Sunday’s plan was ambitious, we would leave Croton at dawn around 5:15 am and go all the way south around Manhattan and then up the East River to Port Washington, 53 miles. By leaving that early we would have a favorable current with us the entire trip. And it turned out to be an interesting ride.
At 7:00 am on a very quiet Hudson River, we saw a small white dinghy drifting ahead of us. As I took Kindred Spirit over to it, Al went down to check it out. Our first concern was that someone might be in trouble and need assistance. No one was in the boat. Could someone have fallen over board? Al hopped in the dinghy to check for information – nada. His inspection of this Walker Bay dinghy led to the conclusion that it had broken loose from somewhere – the shackle on the bow was broken.
After securing it to Kindred Spirit, Al put out a call on the VHF radio, but received no response. Later he looked up the Walker Bay website and contacted them by email and phone call with the registration number he found on the hull in case the owner had registered it for the warranty.
Manhattan is an island, right? When we first discussed making this trip to the Hudson River, we briefly considered finding the northern passage that must go above Manhattan since it is an island. That waterway is the Harlem River.

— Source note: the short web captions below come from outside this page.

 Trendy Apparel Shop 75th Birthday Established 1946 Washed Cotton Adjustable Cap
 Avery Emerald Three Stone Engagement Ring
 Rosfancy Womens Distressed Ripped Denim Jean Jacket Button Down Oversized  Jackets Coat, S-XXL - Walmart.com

All accounts indicated that this was not a good idea for cruising boats. There are height issues if you cannot clear 24 feet and some claim it is simply not navigable.

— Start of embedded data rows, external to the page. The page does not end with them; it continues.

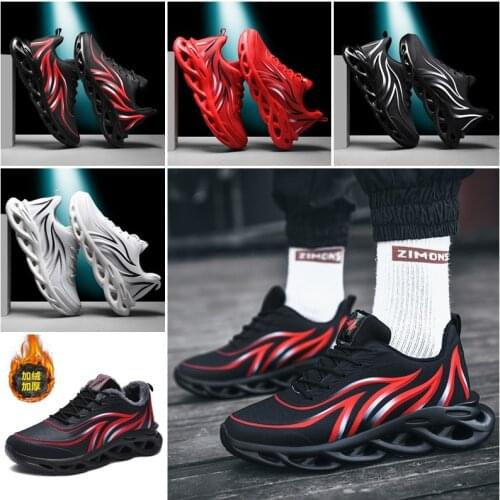 Outdoor Sport Blade Men Shoes Lightweight Damping Mens Running Sneakers Flame Printing Blade Bottom Shoes Zapatillas Deportivas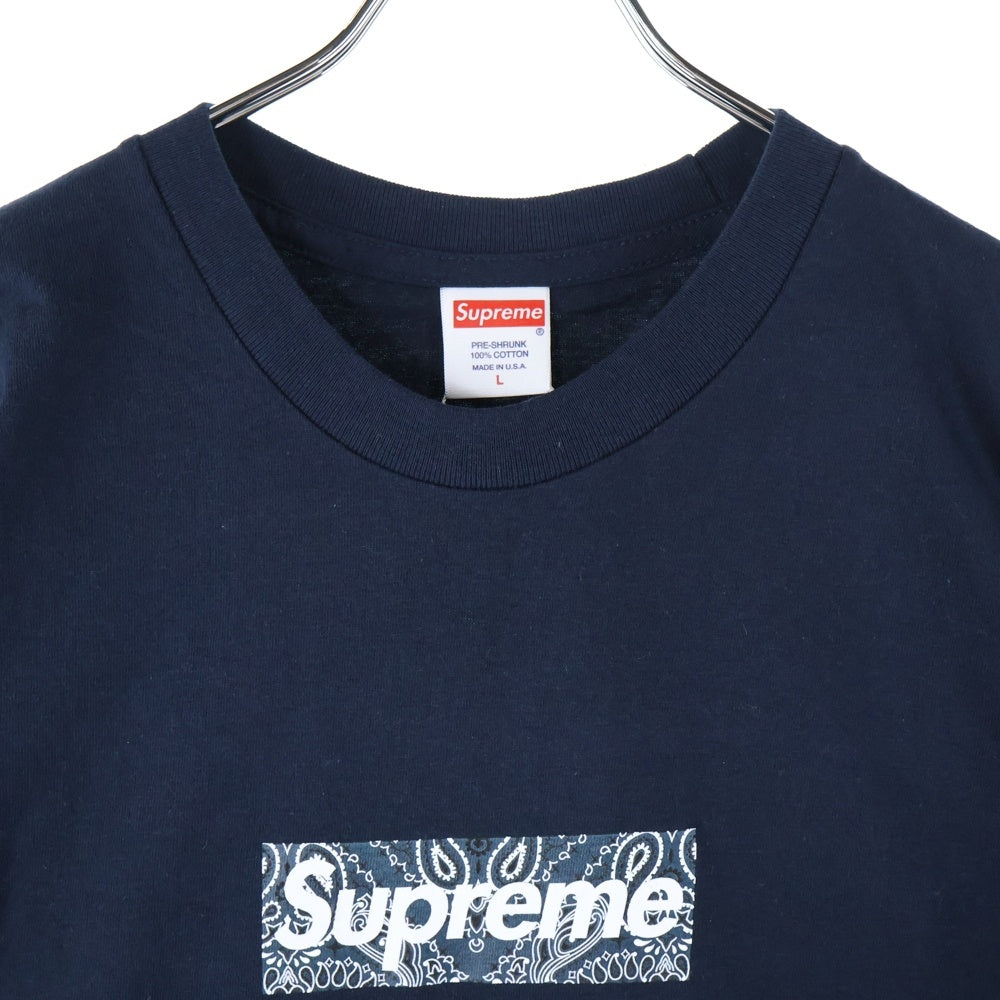 SUPREME(シュプリーム) 19AW Bandana Box Logo Tee バンダナボックスロゴティー ロゴプリントクルーネック半袖Tシャツ ネイビー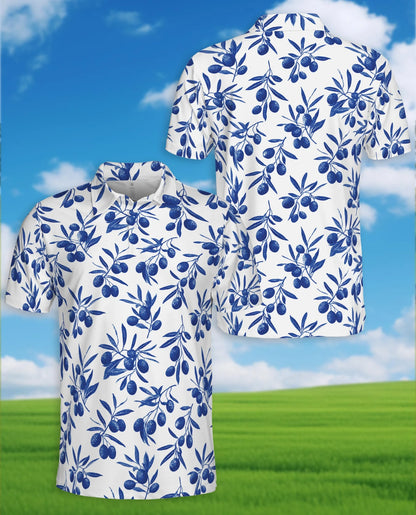 Blueberry Pattern Polo Shirt for Men – Fresh Fruit Summer Style | Netecom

Going north we hadn’t noticed where the Harlem River enters the Hudson, but this morning we spotted it.
We had a dual purpose for our morning traverse through New York on that morning. Another Mariner Orient (40, not 38 like us) was traveling from Florida northward to do the “Great Loop.” We had met Jan and Dave on Optimystique in Bradenton, FL when we were visiting the Bakers on Magnolia. Sailors and now “trawler-ers”, Jan and Dave have a terrific blog called Commuter Cruiser. Facebook and AIS told us they would be heading north up the Hudson as we were going south that day. One thing led to another and we made plans to take photos of Optimystique in front of the Statue of Liberty. This is becoming a habit for us! Everything went as planned and at 9:30 am we were both there.

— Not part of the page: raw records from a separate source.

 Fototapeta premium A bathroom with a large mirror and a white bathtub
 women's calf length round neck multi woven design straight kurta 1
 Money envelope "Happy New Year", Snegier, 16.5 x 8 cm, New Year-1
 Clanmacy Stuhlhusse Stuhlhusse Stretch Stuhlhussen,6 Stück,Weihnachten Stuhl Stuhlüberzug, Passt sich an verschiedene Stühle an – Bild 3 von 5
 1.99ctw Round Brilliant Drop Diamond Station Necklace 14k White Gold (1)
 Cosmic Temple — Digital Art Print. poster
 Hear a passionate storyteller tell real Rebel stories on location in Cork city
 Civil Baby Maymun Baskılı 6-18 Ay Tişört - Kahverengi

Here’s another bit of trivia that I found fascinating. That book I was reading, Time and Again, also mentioned the Statue of Liberty. For 6 years (1876-1882) the statue’s arm and torch sat in Madison Square Park to raise money for the rest of the Statue. Who knew?? I found an old photo on “The Bowery Boys.”
I had the helm from the Statue of Liberty all the way up the East River, through Hell Gate and Throgs Neck Bridge. My first time!
We settled ourselves on a mooring in Port Washington after our 6 hours down and up both sides of Manhattan. After a brief respite, we dinghied to town for a repeat visit to Douglas and James Homemade Ice Cream to cool off, and yes, to enjoy the ice cream (no photos this time!)
On our dinghy ride, we passed a very familiar looking boat, Navigator, previously owned by friends of ours from Maine that we met int eh Bahamas in 2013, Laurie and Peter. In fact, it was Navigator that led us to search for a “Europa-style” trawler.
After a day relaxing and trying to stay cool, our next leg took us from Port Washington to Port Jefferson, 35 miles to the east.
In the past, we enter the channel and hang a right, but Al wanted to spend the day in “The Sand Pit” to the left, ready to relive his childhood boating memories.
Al had his own fitness program – rowing around the Sand Pit in the Walker Bay, revisiting childhood memories.
Port Jefferson’s Mount Misery was anything but misery and, as our last stop on the trip, it was a restful, relaxing day in perfect weather.
Another 53 miles would bring us home. Once again we decided on an early start to get a good push from the current.